Sugar with everything
Feb. 16th, 2007 11:47 amSugar Rush is a fascinating, terrifying and important Guardian Special Report about sugar in food. Sugar is so addictive it should be classified, says the British Medical Journal, as a hard drug. The immediate pleasure it gives us soon leads to much less pleasant things -- tooth decay, obesity, diabetes, cancer, depression and anxiety. More and more of the food we eat -- even fresh fruit and vegetables and savoury stuff -- is, basically, turning into sugar. Whether we choose to eat the stuff or not, it's everywhere, bred into crops and brewed into beer and sprinkled into cooking and stuffed into every plastic-wrapped package lying in wait for you at the late-night grocery. There's more of it in more products than there was even in the early 1990s. It's there for commercial reasons. We like it, we buy it.

Read the article yourself -- I did, while sucking on a marzipan potato. What I want to single out and pick up on today is just one quote that pops up half way through, a quote I found very interesting, very symptomatic. A "sugar apologist" is speaking, an executive who worked for Cadbury Schweppes for 23 years before becoming a market researcher. Colin Gutteridge is explaining the "taste evolution" towards today's sugar-with-everything world.

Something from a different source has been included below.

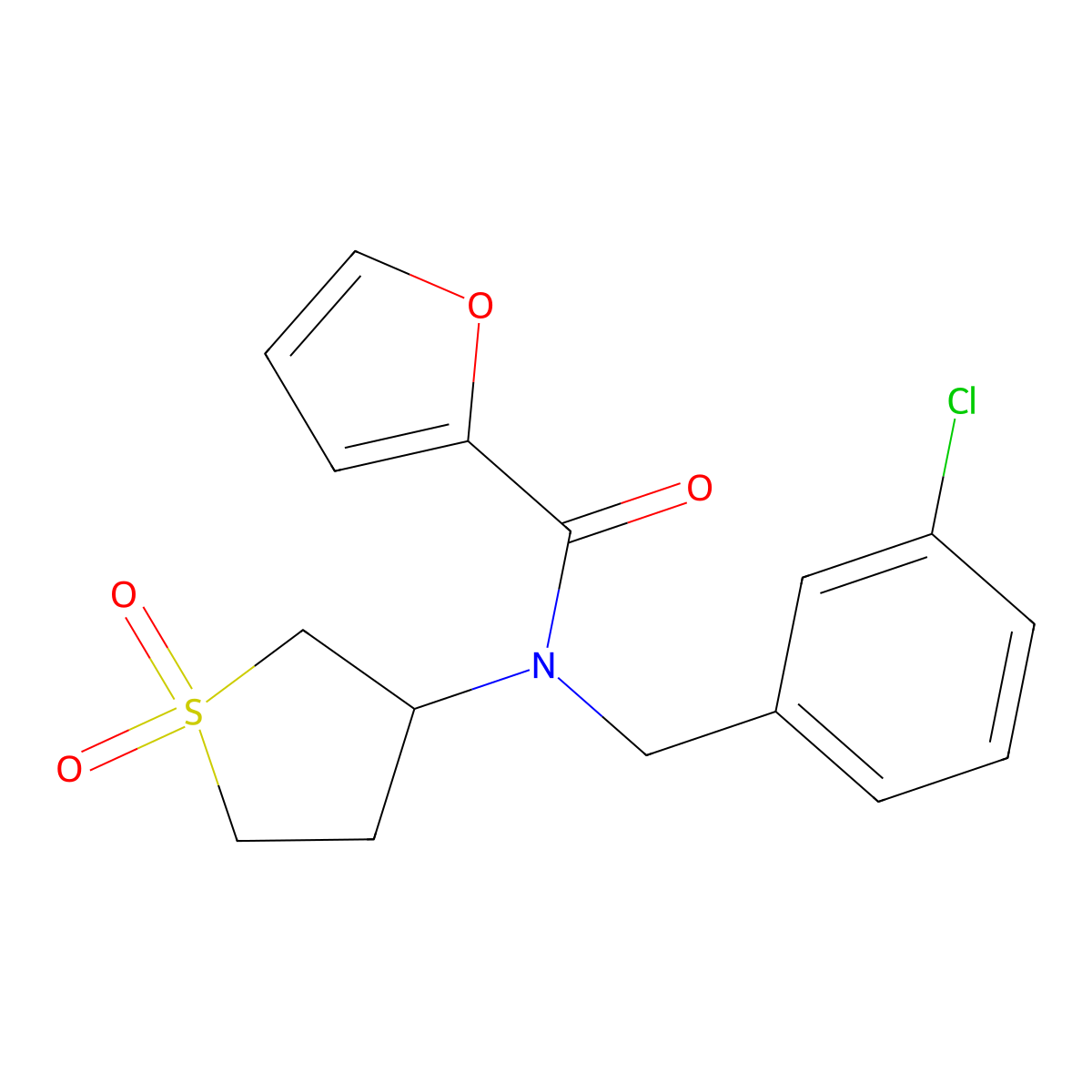 N-(3-chlorobenzyl)-N-(1,1-dioxidotetrahydro-3-thienyl)-2-furamide molecular structure, CAS 620558-91-0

"I remember being presented with yoghurt for the first time when I was nine," Gutteridge says. "It was acidic and I thought it was repulsive. If there is a trend over the past 100 years it is taking products that are marginal in taste and making them more acceptable to a wider range of people by adding in sweetness. Does any of this matter? Personally, I don't think so. Without it I would never have enjoyed yoghurt."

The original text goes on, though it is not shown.